What you need to do>
Please restate the data below word for word, omitting all images.
==== Given records ====
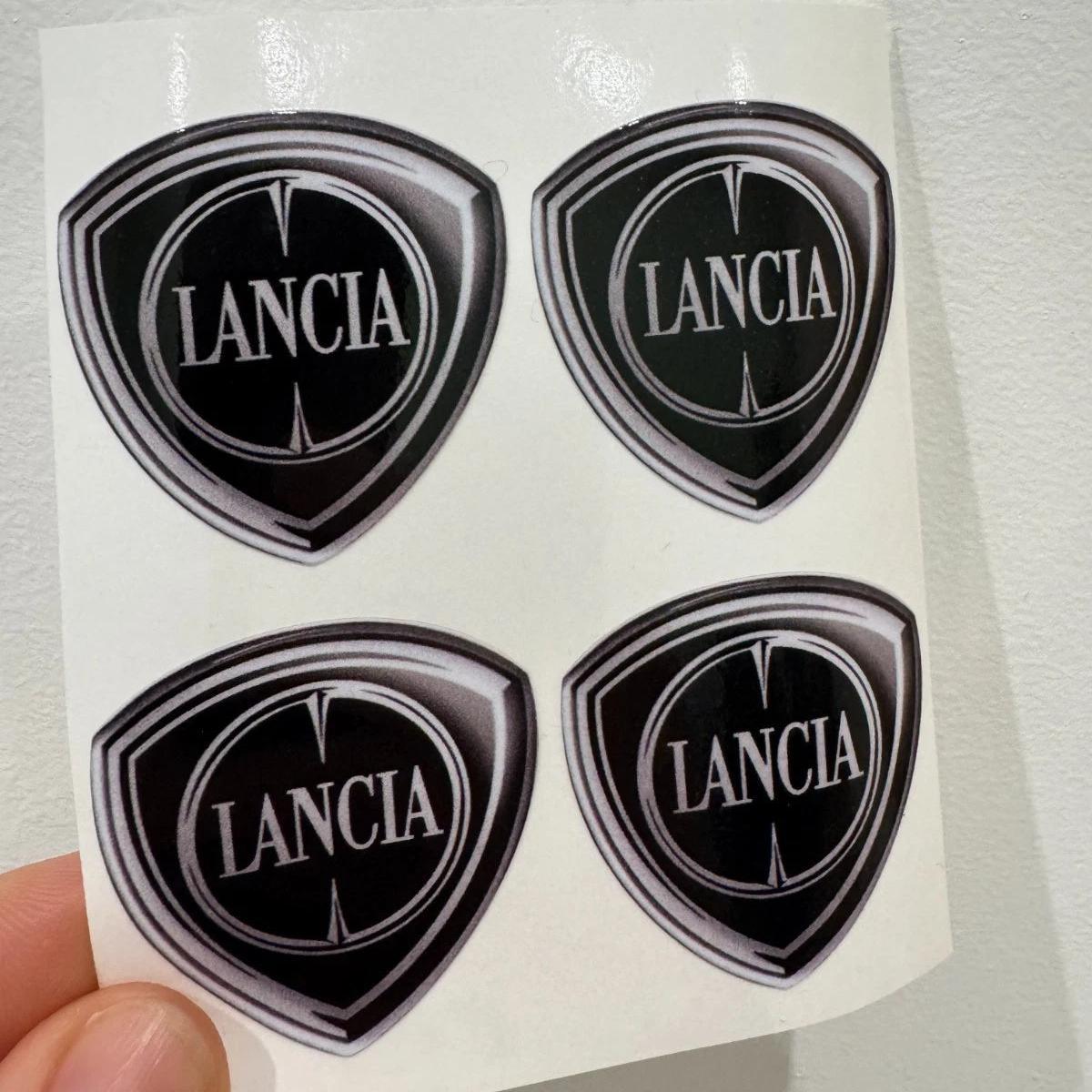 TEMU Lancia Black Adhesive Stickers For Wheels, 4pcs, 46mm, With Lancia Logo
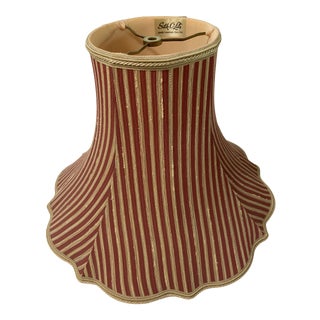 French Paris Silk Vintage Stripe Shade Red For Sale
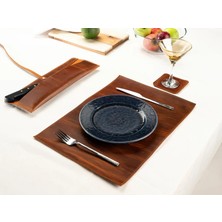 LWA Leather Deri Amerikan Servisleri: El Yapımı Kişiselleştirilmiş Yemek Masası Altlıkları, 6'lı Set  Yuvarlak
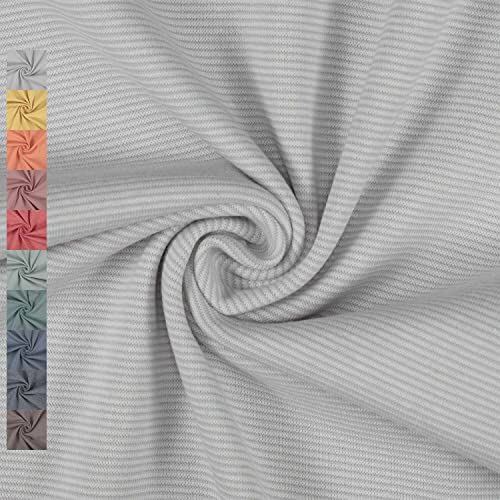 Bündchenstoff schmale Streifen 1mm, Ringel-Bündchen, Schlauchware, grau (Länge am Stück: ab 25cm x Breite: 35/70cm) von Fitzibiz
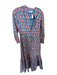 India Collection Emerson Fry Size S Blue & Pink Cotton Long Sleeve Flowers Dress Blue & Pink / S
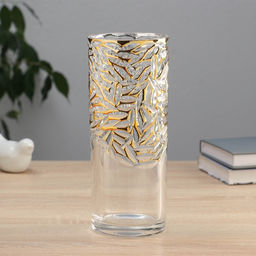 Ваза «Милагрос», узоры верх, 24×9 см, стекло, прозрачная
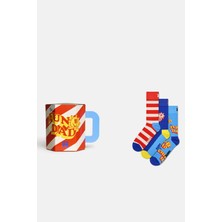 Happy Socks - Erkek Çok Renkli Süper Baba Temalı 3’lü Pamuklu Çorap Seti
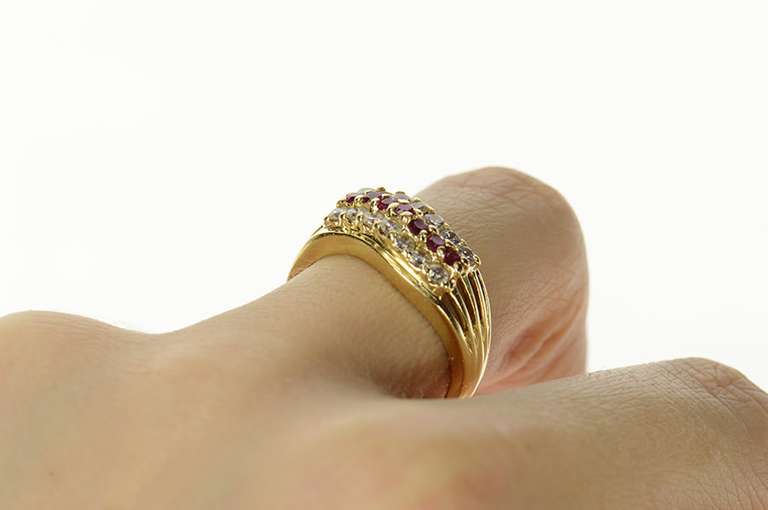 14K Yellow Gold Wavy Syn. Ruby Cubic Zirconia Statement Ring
====
Solution for this task>
 TEMU Lancia Black Adhesive Stickers For Wheels, 4pcs, 46mm, With Lancia Logo
 French Paris Silk Vintage Stripe Shade Red For Sale
 LWA Leather Deri Amerikan Servisleri: El Yapımı Kişiselleştirilmiş Yemek Masası Altlıkları, 6'lı Set  Yuvarlak
 Bündchenstoff schmale Streifen 1mm, Ringel-Bündchen, Schlauchware, grau (Länge am Stück: ab 25cm x Breite: 35/70cm) von Fitzibiz
 India Collection Emerson Fry Size S Blue & Pink Cotton Long Sleeve Flowers Dress Blue & Pink / S
 Ваза «Милагрос», узоры верх, 24×9 см, стекло, прозрачная
 Happy Socks - Erkek Çok Renkli Süper Baba Temalı 3’lü Pamuklu Çorap Seti
 14K Yellow Gold Wavy Syn. Ruby Cubic Zirconia Statement Ring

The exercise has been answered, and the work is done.